_Problem requirements_:
Using the material below, print a verbatim copy of every line from the one containing "Photo 1 of JUYRLE" through the one containing "Danish Modern 6", inclusive, and omit the pictures.

_Supplied records_:
- Opening Delimiter -
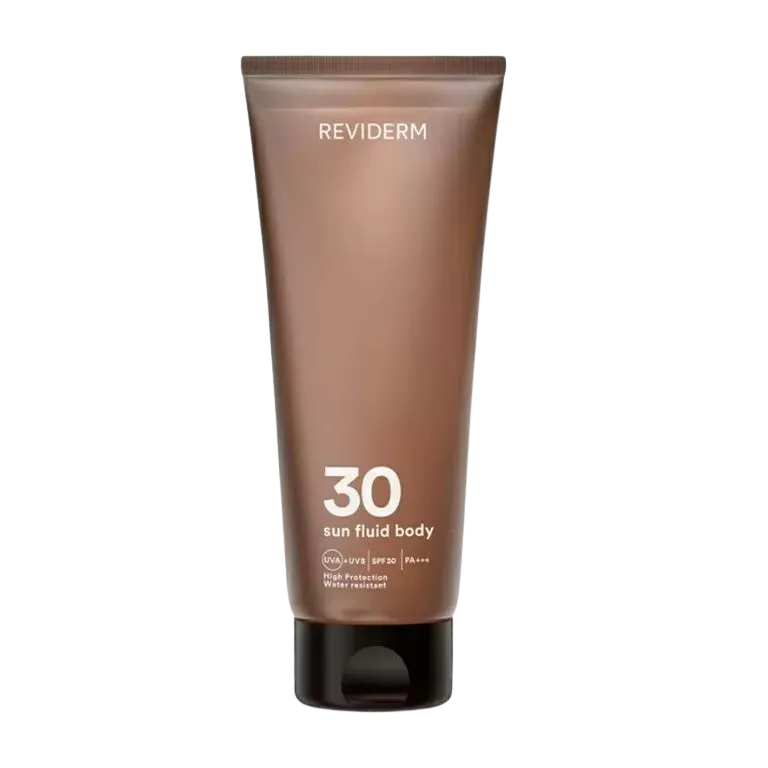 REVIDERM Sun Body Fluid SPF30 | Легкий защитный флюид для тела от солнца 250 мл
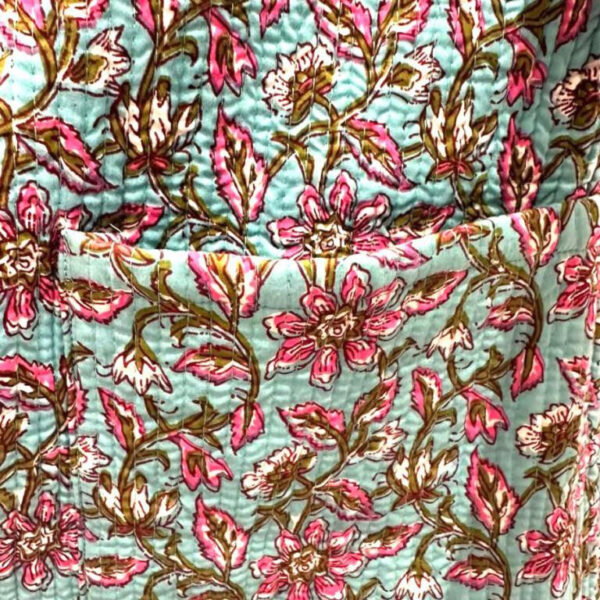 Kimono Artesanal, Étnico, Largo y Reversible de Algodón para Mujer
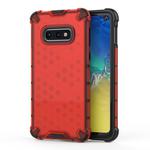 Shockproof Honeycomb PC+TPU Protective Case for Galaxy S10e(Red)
- Closing Delimiter -
- Opening Delimiter -
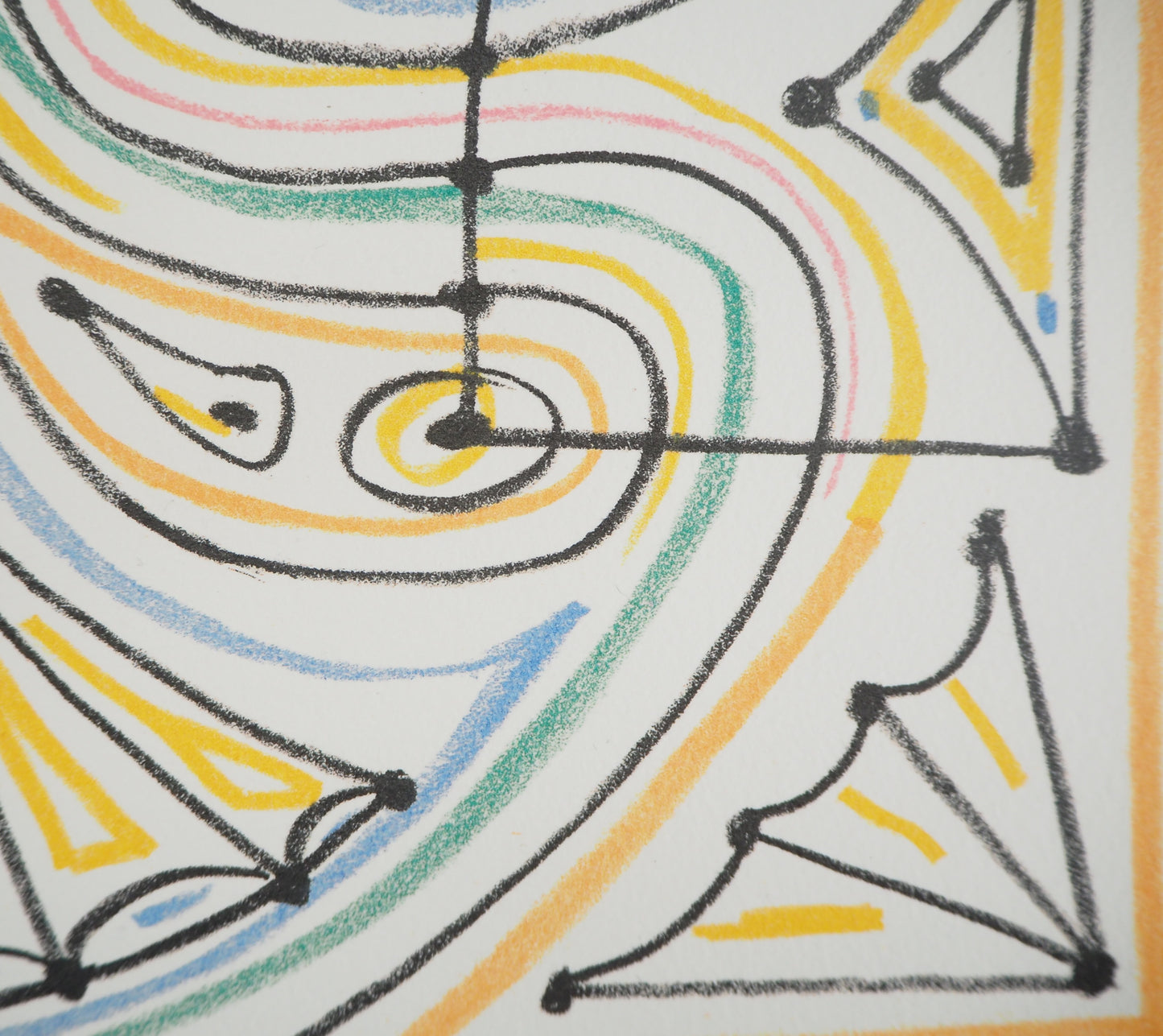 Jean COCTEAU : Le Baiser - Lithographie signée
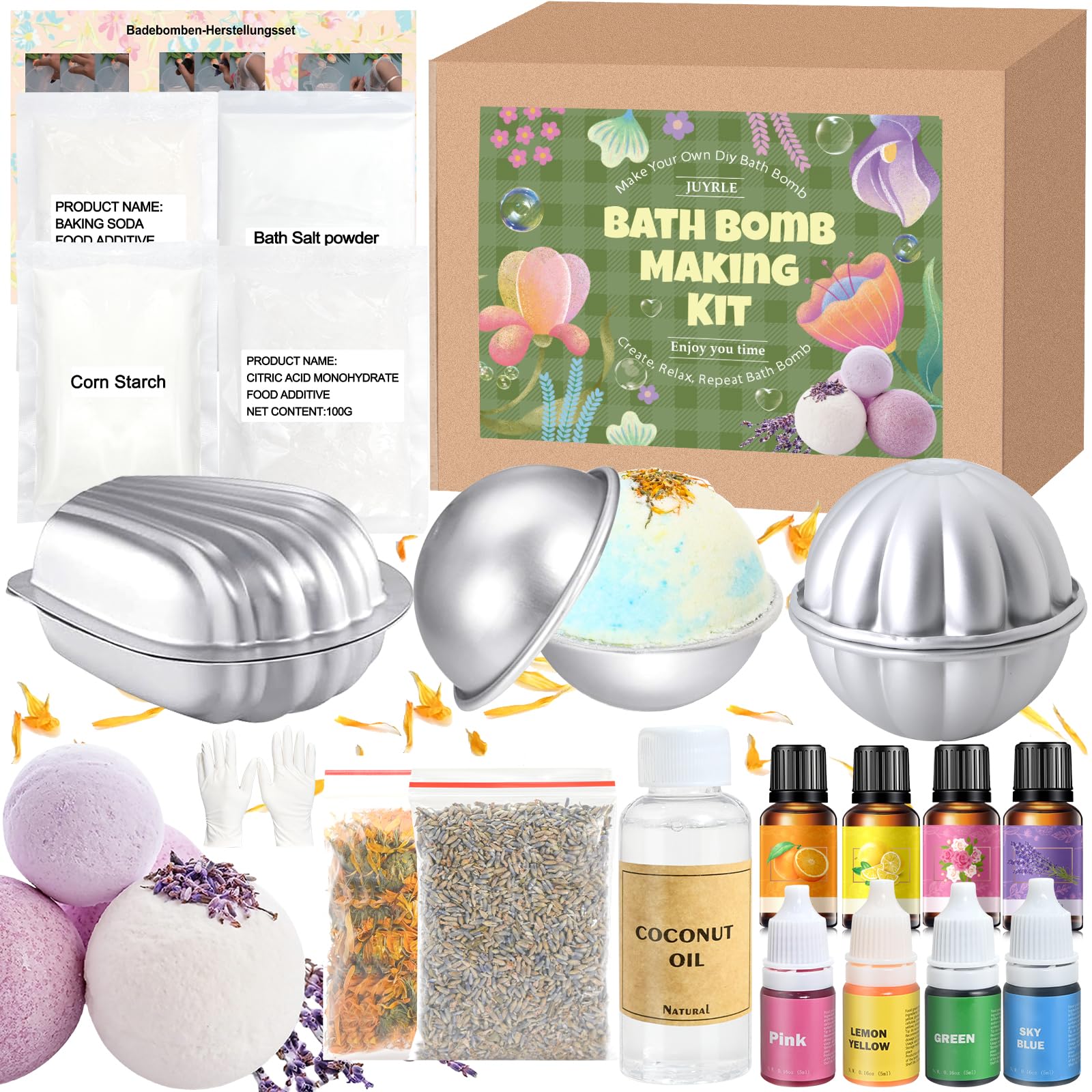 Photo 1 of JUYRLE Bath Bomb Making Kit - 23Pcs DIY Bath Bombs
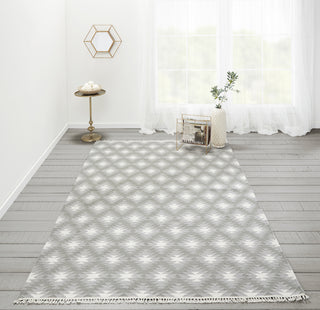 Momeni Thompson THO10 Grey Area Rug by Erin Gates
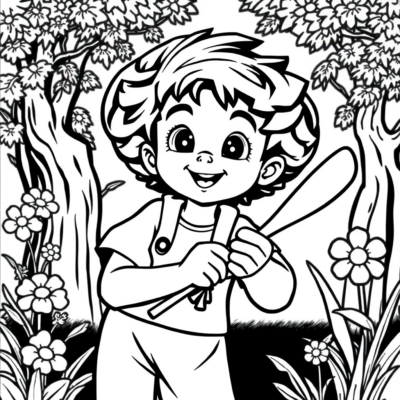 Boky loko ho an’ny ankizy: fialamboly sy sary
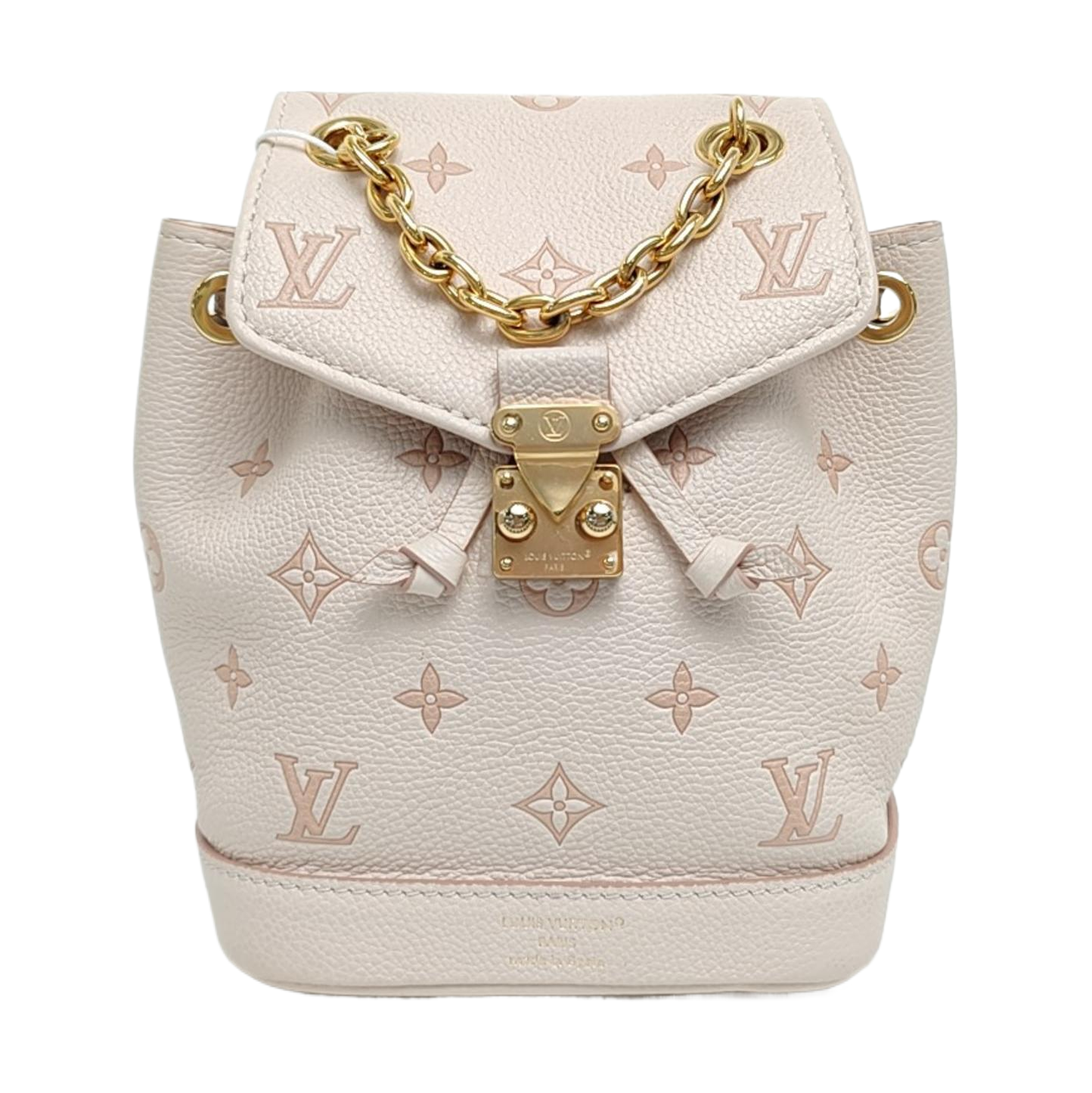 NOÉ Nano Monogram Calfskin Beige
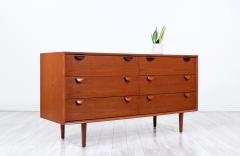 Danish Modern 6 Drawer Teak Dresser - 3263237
- Closing Delimiter -
- Opening Delimiter -
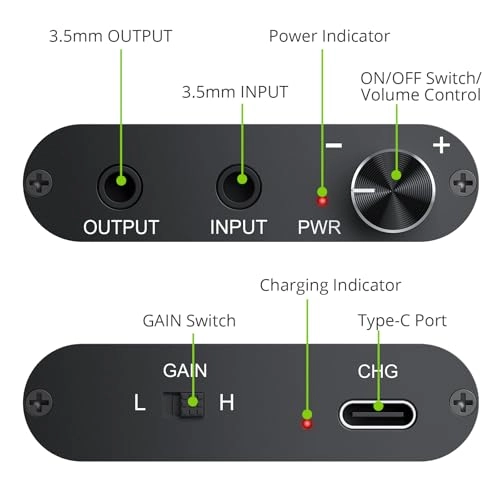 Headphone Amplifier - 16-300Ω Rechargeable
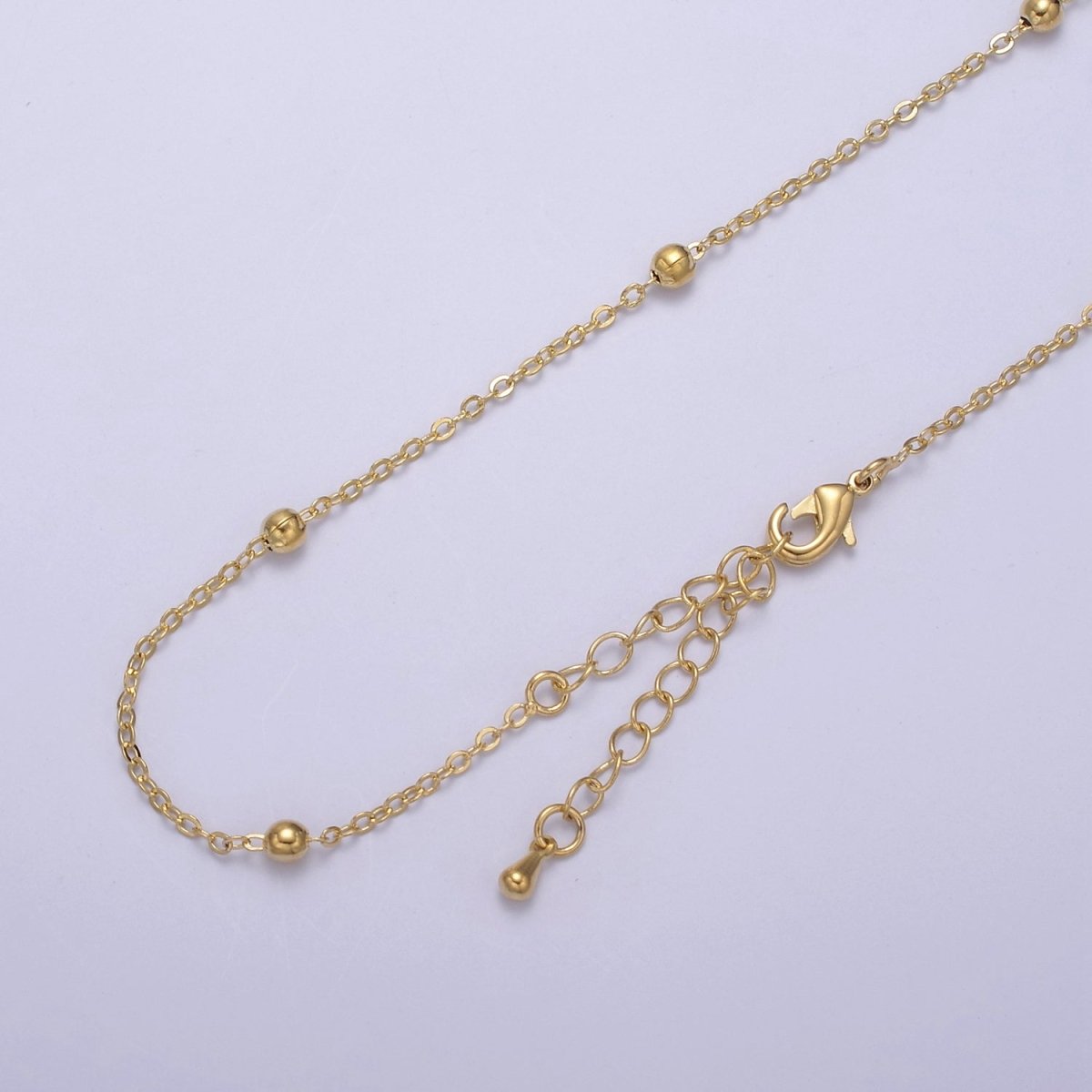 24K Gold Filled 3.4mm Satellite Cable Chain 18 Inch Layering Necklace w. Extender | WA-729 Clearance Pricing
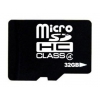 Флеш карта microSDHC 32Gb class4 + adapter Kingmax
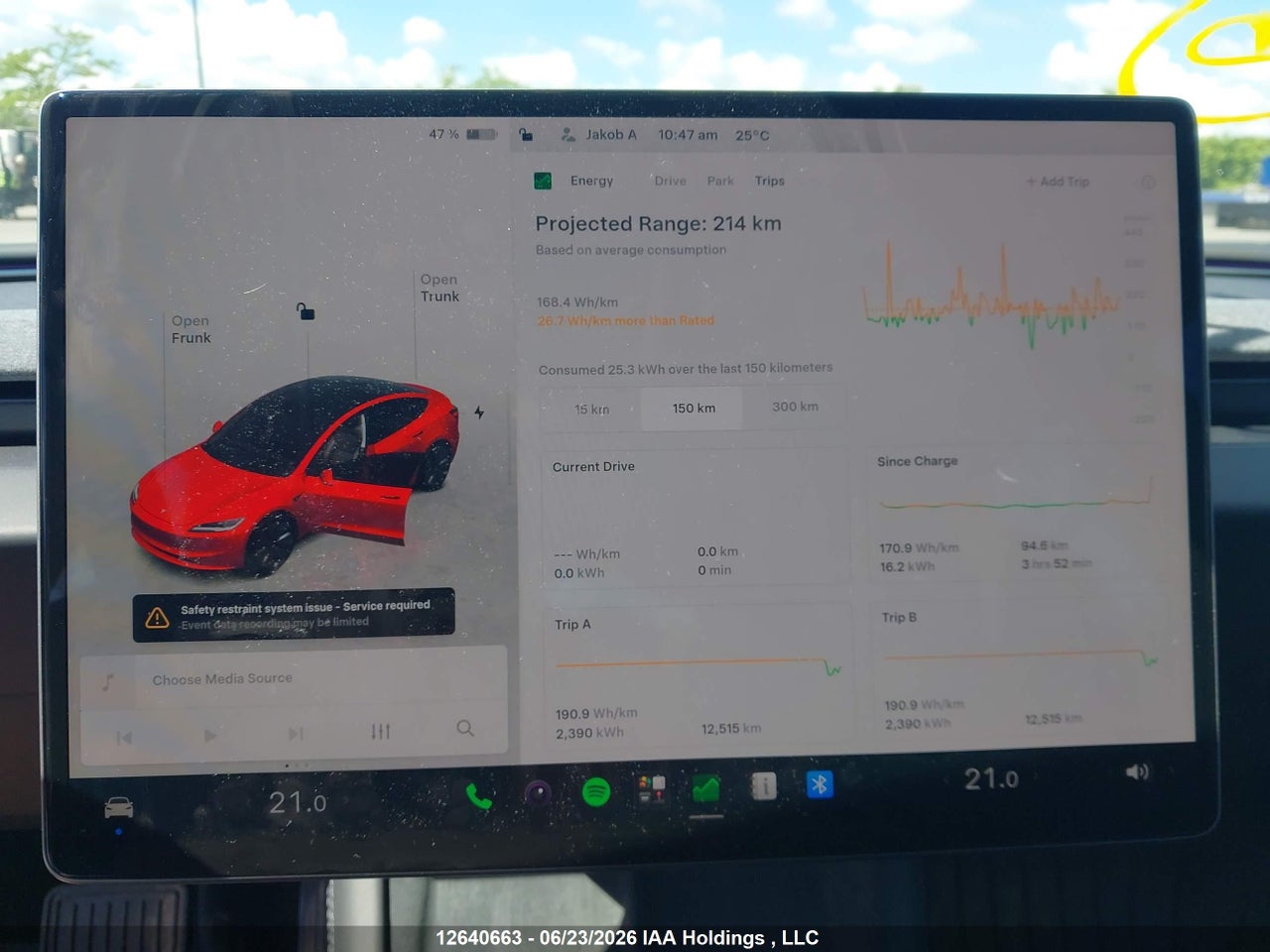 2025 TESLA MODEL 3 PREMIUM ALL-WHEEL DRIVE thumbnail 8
- Closing Delimiter -
_Response to the exercise_:
 Photo 1 of JUYRLE Bath Bomb Making Kit - 23Pcs DIY Bath Bombs
 Momeni Thompson THO10 Grey Area Rug by Erin Gates
 Boky loko ho an’ny ankizy: fialamboly sy sary
 NOÉ Nano Monogram Calfskin Beige
 Danish Modern 6 Drawer Teak Dresser - 3263237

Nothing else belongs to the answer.